• _Your goal_
Print the line containing "Tri Adhianto Tinjau" and every later line of the records. Keep each one exactly as given, ending with the last.

### Provided data

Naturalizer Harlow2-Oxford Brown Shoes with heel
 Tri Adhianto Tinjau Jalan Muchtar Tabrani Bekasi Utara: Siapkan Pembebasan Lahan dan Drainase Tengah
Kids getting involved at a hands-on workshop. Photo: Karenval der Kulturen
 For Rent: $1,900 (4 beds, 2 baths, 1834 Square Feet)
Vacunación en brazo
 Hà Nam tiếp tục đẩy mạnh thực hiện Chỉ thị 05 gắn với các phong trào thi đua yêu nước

######

• _Reply_
 Tri Adhianto Tinjau Jalan Muchtar Tabrani Bekasi Utara: Siapkan Pembebasan Lahan dan Drainase Tengah
Kids getting involved at a hands-on workshop. Photo: Karenval der Kulturen
 For Rent: $1,900 (4 beds, 2 baths, 1834 Square Feet)
Vacunación en brazo
 Hà Nam tiếp tục đẩy mạnh thực hiện Chỉ thị 05 gắn với các phong trào thi đua yêu nước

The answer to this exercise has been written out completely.